Lingering bitterness on both sides over the discussion of Lithuanian complicity in the Holocaust remains an obstacle to better ties, however.

Some Jews are concerned that Lithuania has yet to confront its own role in the Shoah.

“Relations have to be promoted within a context that is based on mutual respect and respect for historical truth,” said Jonathan Brent, the executive director of the YIVO Institute for Jewish Research, which was founded in prewar Lithuania. “Everywhere you go searching for the truth, the truth cannot be found without conflict.”

On the flipside, many Lithuanians say Jews focus too much on the Holocaust.

Three years ago, during negotiations over Holocaust compensation between the Lithuanian government and the Jewish community, a Lithuanian tabloid ran a cover featuring an oversized Jewish official from the United States demanding money from a miniaturized Lithuanian prime minister. “Give it now!” screamed the headline.

The president of a Lithuanian museum in Chicago, Stanley Balzekas Jr., said Jews should not take Lithuanian anti-Semitic inclinations “personally.”

“The Jewish leaders have to be sensitive,” he said. “The terrible consequences that happened with the Holocaust aren’t going to go away.
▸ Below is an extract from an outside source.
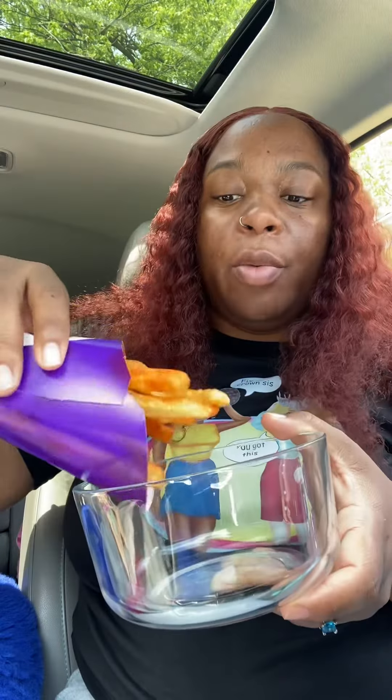Okay y'all, so I am back with the video. I was told to do a fast food hack — go to Wendy's and get some chili, then go to Taco Bell and get some fries, and then we're gonna make some chili cheese fries. Hold on real quick y'all.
That shouldn’t be forgotten. But it shouldn’t cloud the future.”

Harley Felstein, a Jew with Lithuanian roots who lives in Washington, wants to focus on positive aspects of Lithuanian-Jewish history. Last fall, he launched a campaign called the Sunflower Project to promote Lithuanian-Jewish events in the United States and organized Jewish trips to Lithuania, including exchanges of high school students between Israel and Lithuania.

Felstein recently convened a group of Lithuanian and Jewish community leaders for a discussion in Chicago focused on improving ties.

“If you’re going to do a reconnection between the Lithuanian and the Jewish people, you don’t want to enter into the situation through conflict,” Felstein said. “You want to do it through learning and nurturing. If our project is successful, there won’t be any negativity left.”

The idea for the project was born when Felstein’s 16-year-old, Benjamin, traveled to Lithuania in 2010, found Jewish cemeteries in disrepair, and sent photos to his father. Felstein, who works for a cemetery as a funeral counselor, was inspired.

“We want to reconnect the Jewish world back with the Lithuanian people,” Felstein said. “If we don’t take action now, the next generation won’t have that information available to them. Our time with survivors who have that linkage is limited.”

Lithuania has a rich Jewish history. The country’s capital — Vilnius, known to Jews as Vilna — was the center of non-chasidic Orthodox Jewish life in Eastern Europe, home to the original YIVO and the hometown of Rabbi Eliyahu ben Shlomo Zalman Kramer, the 18th-century Jewish sage known as the Vilna Gaon.

Today, only about 3,000 Jews live in Lithuania.

In recent years, ties between Lithuania and Israel have been improving. Between 2009 and 2011, Israeli and Lithuanian diplomats visited each other 20 times. Last year, Lithuania designated 2011 as the year of commemorating the Shoah. And last month’s compensation decision will send a portion of the $50 million to support the upkeep of Jewish heritage sites in Lithuania, including cemeteries and synagogues.

The Lithuanian ambassador to the United States, Žygimantas Pavilionis, said he believes that differences between the communities will dissipate as Lithuania, which has been independent for about 20 years, moves away from the anti-Semitic legacy of the Soviet Union.

Just as it took countries in Western Europe decades to examine their roles in the genocide of the Jews, so too it will take time in Lithuania, Pavolonis said. “It took some time to build from scratch, from the distortion of reality,” he said.

Already, Pavilionis said, the Lithuanian government is training teachers to educate schoolchildren about the Holocaust.

Alexander Domanskis, past president of the Lithuanian World Center in Chicago, said Lithuanians should learn about the Holocaust. “I’m agonized because this is part of my own tradition,” he said. “This is not Lithuania as a people.”